We’ve all probably had postgame discussions with our teammates where we’ve tried to figure out exactly what we did, why we did it, and what it meant. A denouement can answer these questions and drive home important story points.

It is a chance for players to catch their breath after the excitement of the climax, an opportunity for things to fall into their proper place and for the main ideas of the story to hit home and be understood. A denouement can control how the players feel at the completion of a story, which will affect their outlook on the story, and the game, as a whole.

I Don’t Want To Leave Yet

Gameplay can continue after the climax. It can even take us back through the experience to revisit props, puzzles and sets. It can show us what we’ve done (or what other players did that we missed out on) and why doing that was important. This cooldown segment can be used to wrap things up before players leave the world of the game. 

Show players how their actions improved the circumstances of the game’s characters. If the world has changed, let us see evidence of that. If we helped avoid a catastrophe, show us a glimpse of normal life that we were able to preserve. Make it matter. 

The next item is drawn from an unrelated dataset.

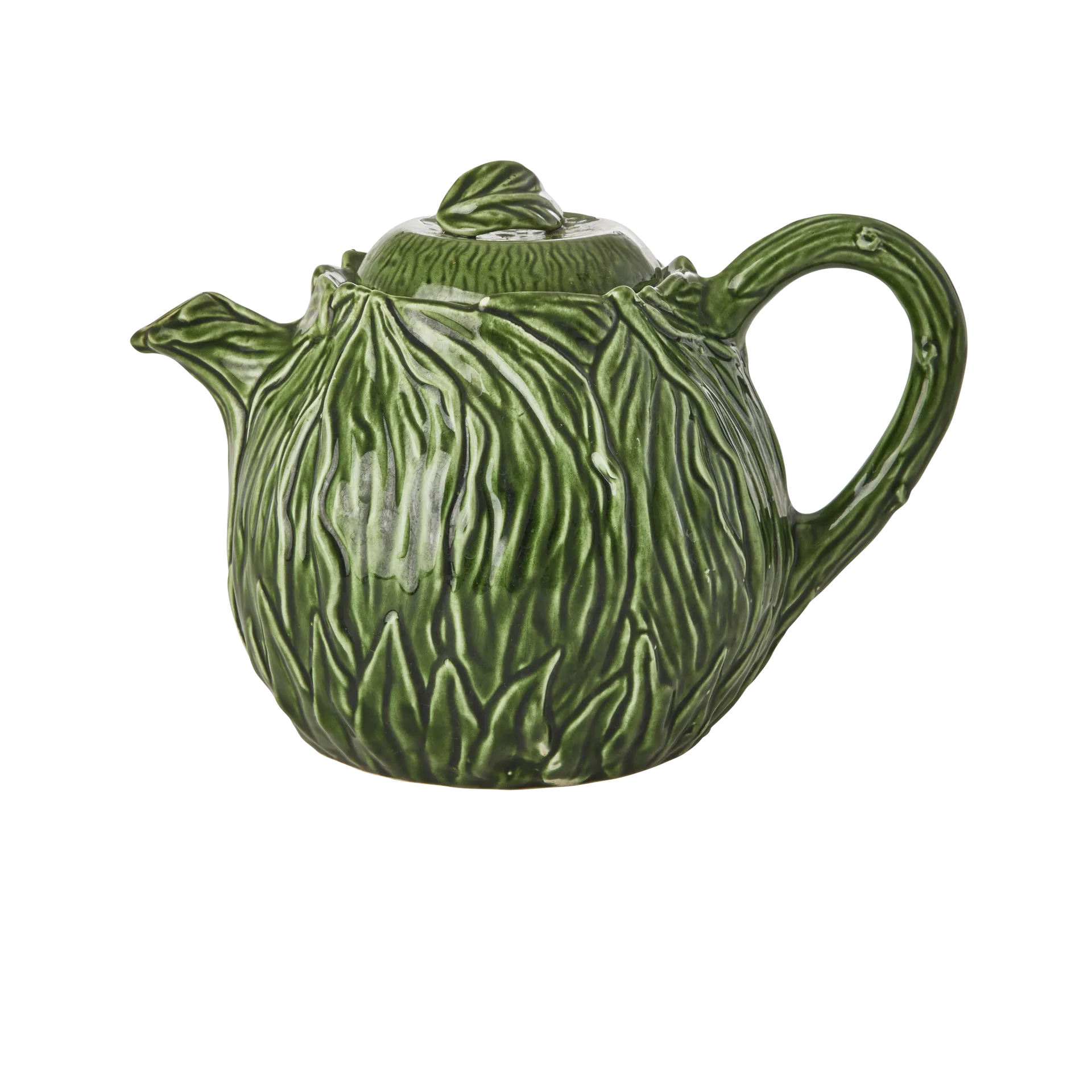 라이스 세라믹 티팟 1.6 L, Embossed kale design RICE | 라이스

For example, if the climax of a game has the players save a cat from a dangerous situation, give them a beat afterward where they see the cat reunited with her grateful family. Make one last puzzle that unlocks a new cat toy and have a final image that reinforces that all is well again. 

If your game is designed as an experience that is meant to make your players feel changed… make sure to leave space for that to happen, for it to sink in, in the game world, before the host breaks the immersion.

There’s an opportunity for escape room creators who think about what they want their players to feel at different points during their games, especially at the conclusion, to provide closure rather than leave players confused about the story or its characters. Give them a denouement and untie the knots of your narrative.


  1. Thank you for bringing up such an important but often over looked point. We’ve been talking about this a lot lately (after going on a weekend escape spree). It’s jarring when a game ends with the final puzzle, and in pops the GM – such a clash of worlds.

  2. Exactly. Even some of the best rooms have just sort of a “meh” finish. Great point and hopefully more owners will think about this aspect!

  3. Could not agree more, and anxiously awaiting the next (r)evolution in escape games where things like story and immersion become emphasized more than “beating the room”.